Zaczął pisać w połowie lat 50., kiedy – jak wyznaje – potrzebowali z żoną pieniędzy na łóżko i piekarnik. Techniczne wykształcenie nie przeszkodziło mu w osiągnięciu zadziwiającej maestrii w kreowaniu pejzażu emocjonalnego. Głęboko humanistyczna, nostalgiczna, nieśpieszna proza Wolfe’a zostawia zawsze trwały ślad w pamięci i ma swoich zagorzałych zwolenników.

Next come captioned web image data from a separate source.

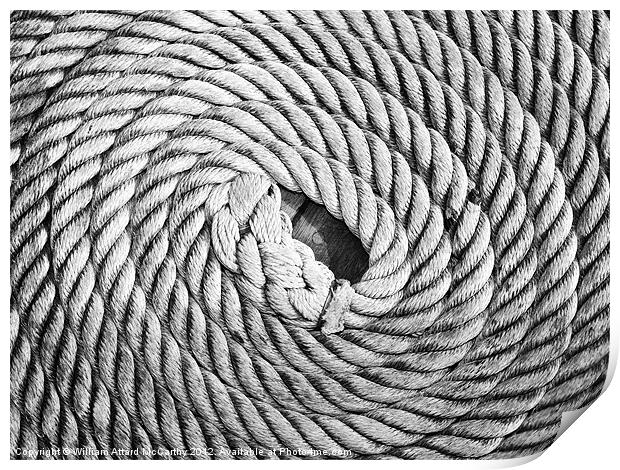 Twirled Rope Print by William AttardMcCarthy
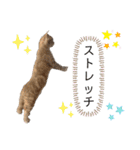 ♡むぎのスタンプ♡（個別スタンプ：32）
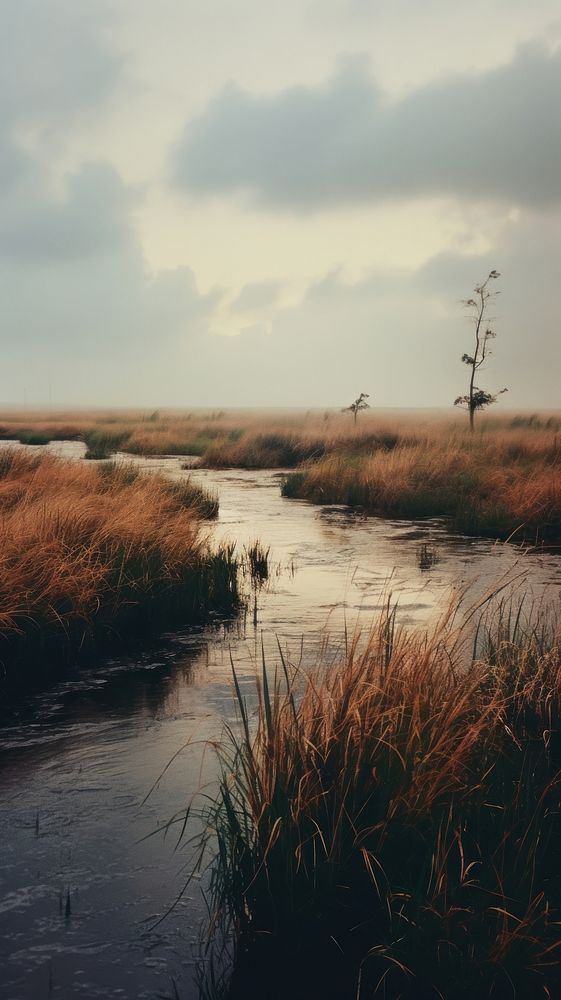  Marshes landscape outdoors nature. AI generated Image by rawpixel.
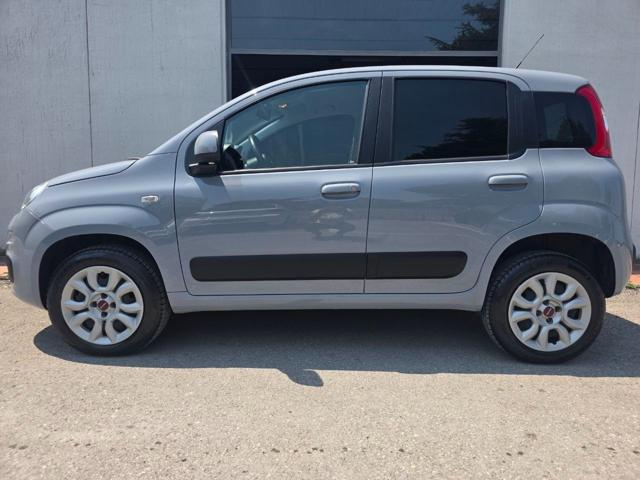 FIAT Panda usata 19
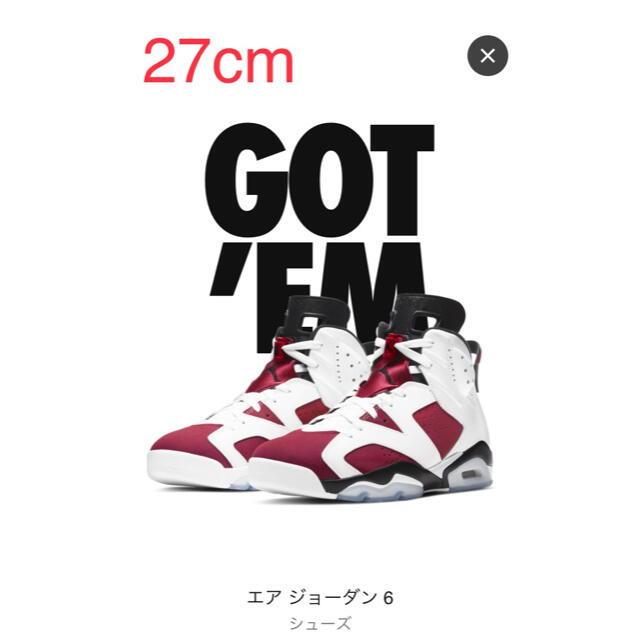 新品!送料込!NIKE AIR Jordan 6 Carmine 27cm‼︎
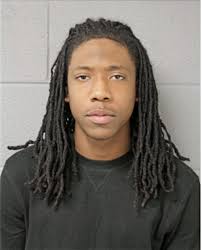 ᐅ Illinois Criminal Records 2009-2025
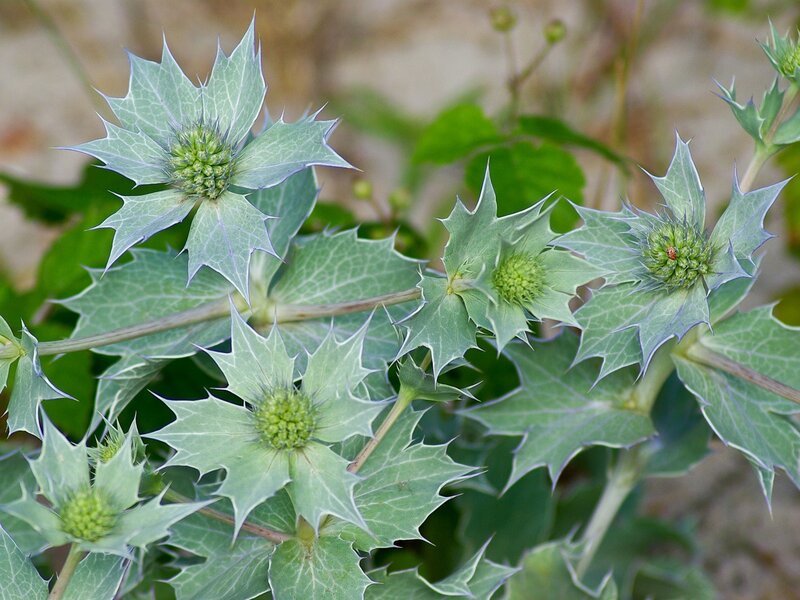 spiky green sea holly flowers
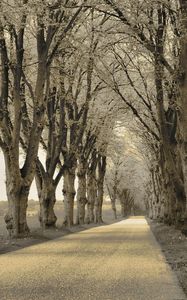 Preview wallpaper trees, asphalt, path, gray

Początek popularności przyniosły mu psychologiczne opowiadania z grą słów w tytułach: „The Island of Doctor Death”, „The Death of Doctor Island”, „The Doctor of Death Island”. Głównym dziełem w dorobku pisarza pozostaje cykl “Księgi Nowego Słońca” (”Cień Kata”, “Pazur Łagodziciela”, “Miecz liktora”, “Cytadela Autarchy”, “Urth Nowego Słońca”).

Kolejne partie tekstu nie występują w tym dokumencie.